WORKING DATA
• • •

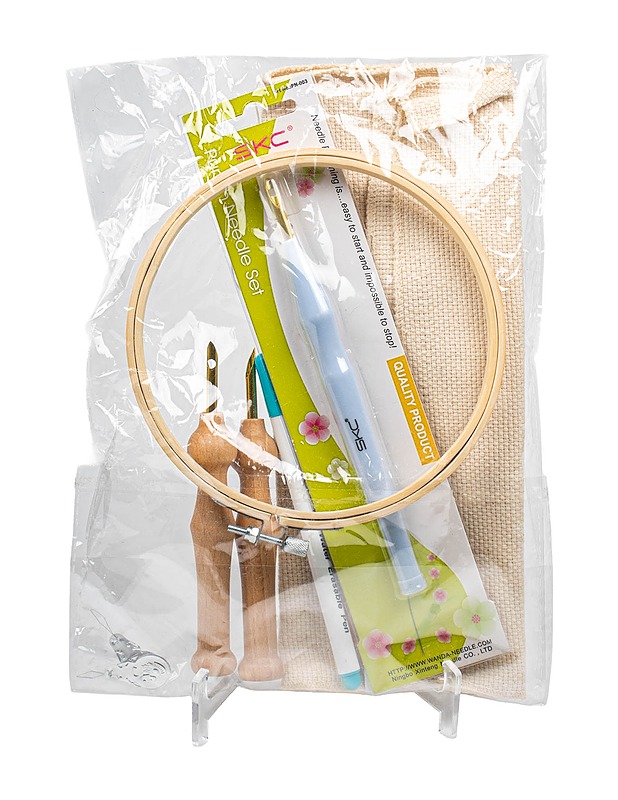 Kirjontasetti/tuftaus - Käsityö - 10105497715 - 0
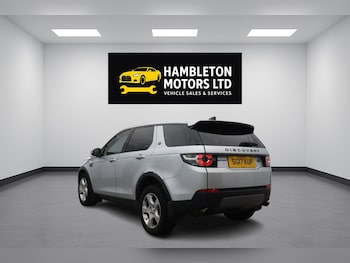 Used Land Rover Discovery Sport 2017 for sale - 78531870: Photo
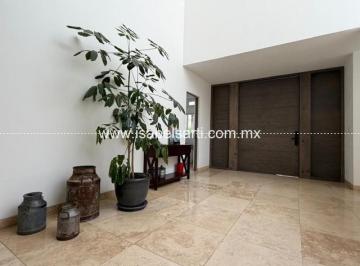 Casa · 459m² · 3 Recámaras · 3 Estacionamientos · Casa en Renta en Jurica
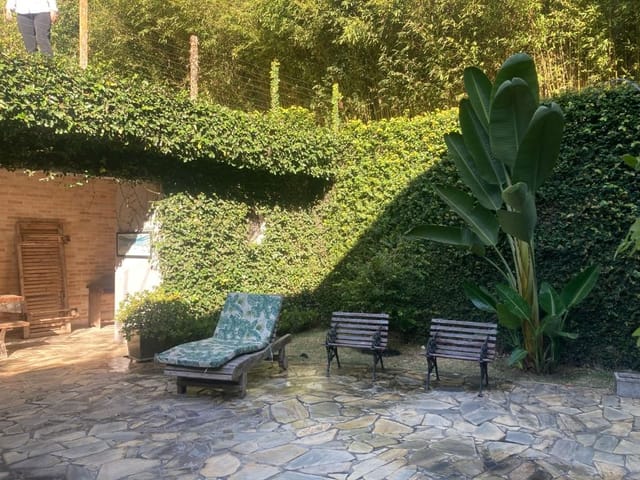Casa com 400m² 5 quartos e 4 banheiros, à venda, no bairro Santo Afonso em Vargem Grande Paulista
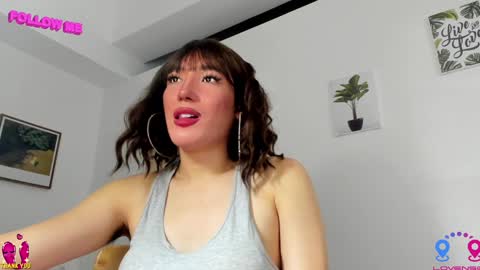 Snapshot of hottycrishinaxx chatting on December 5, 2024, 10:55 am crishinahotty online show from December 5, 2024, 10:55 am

• • •

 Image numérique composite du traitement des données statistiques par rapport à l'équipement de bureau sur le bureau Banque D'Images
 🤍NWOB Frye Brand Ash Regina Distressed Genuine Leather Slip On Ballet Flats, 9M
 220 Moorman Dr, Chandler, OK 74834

• • •

AIM OF THE TASK
Copy exactly the lines of the listing above between the one holding "Used Land Rover" and the one holding "Snapshot of hottycrishinaxx", inclusive; omit all pictures.

TASK RESPONSE
 Used Land Rover Discovery Sport 2017 for sale - 78531870: Photo
 Casa · 459m² · 3 Recámaras · 3 Estacionamientos · Casa en Renta en Jurica
Casa com 400m² 5 quartos e 4 banheiros, à venda, no bairro Santo Afonso em Vargem Grande Paulista
 Snapshot of hottycrishinaxx chatting on December 5, 2024, 10:55 am crishinahotty online show from December 5, 2024, 10:55 am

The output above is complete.